## ACTIVITY
Once you have located the line containing "Poster Little Meatball" in the material below, return it exactly along with each line after it through the line containing "Women's Green Printed Polyester Top".

## DATASET EXTRACT
:::

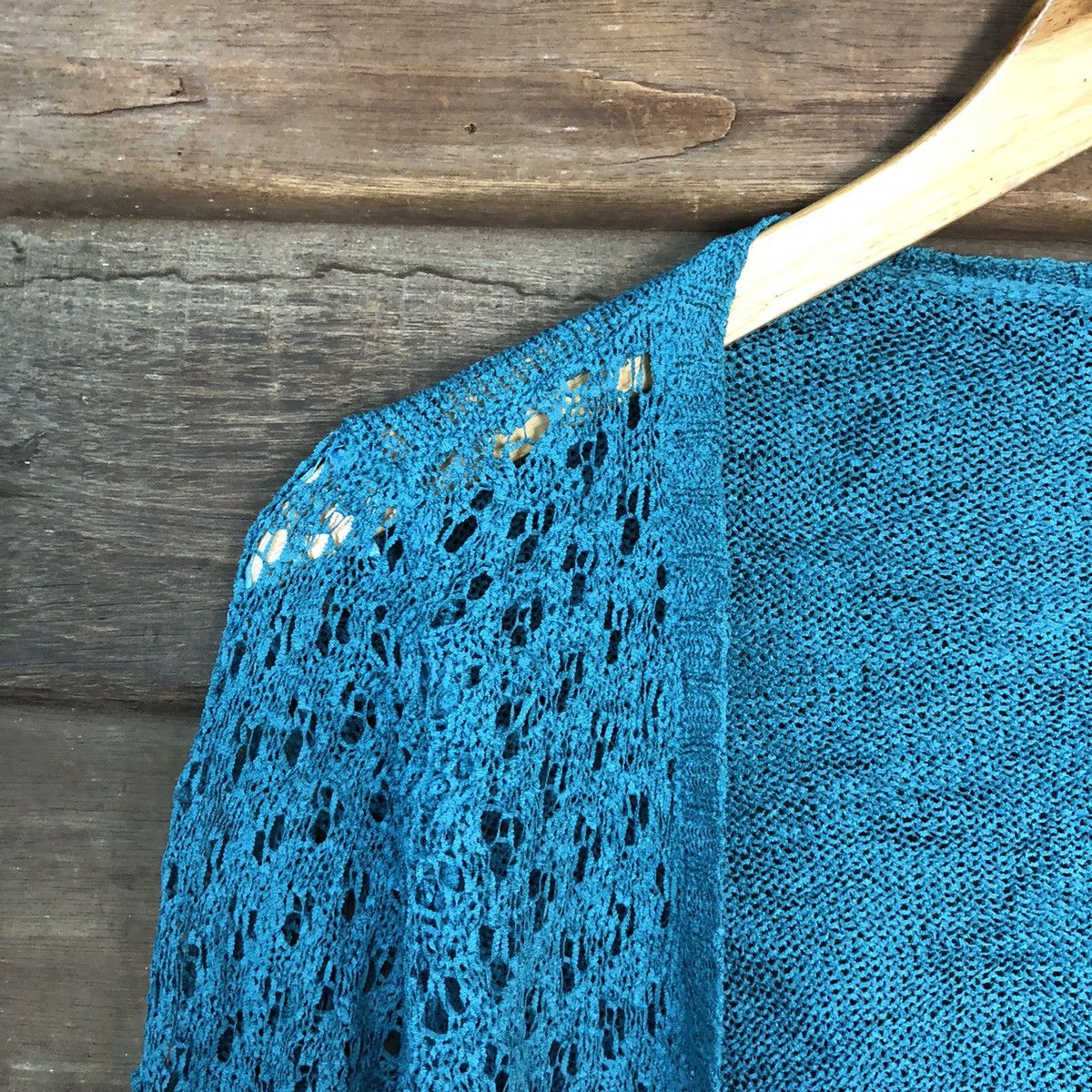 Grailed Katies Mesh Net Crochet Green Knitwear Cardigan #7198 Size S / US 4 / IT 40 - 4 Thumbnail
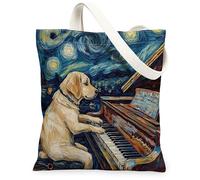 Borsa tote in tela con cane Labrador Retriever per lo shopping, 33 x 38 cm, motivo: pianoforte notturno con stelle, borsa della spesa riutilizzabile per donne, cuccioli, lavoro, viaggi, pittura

:::

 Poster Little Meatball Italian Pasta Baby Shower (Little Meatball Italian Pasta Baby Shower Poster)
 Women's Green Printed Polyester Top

:::

## TASK ANSWER
 Poster Little Meatball Italian Pasta Baby Shower (Little Meatball Italian Pasta Baby Shower Poster)
 Women's Green Printed Polyester Top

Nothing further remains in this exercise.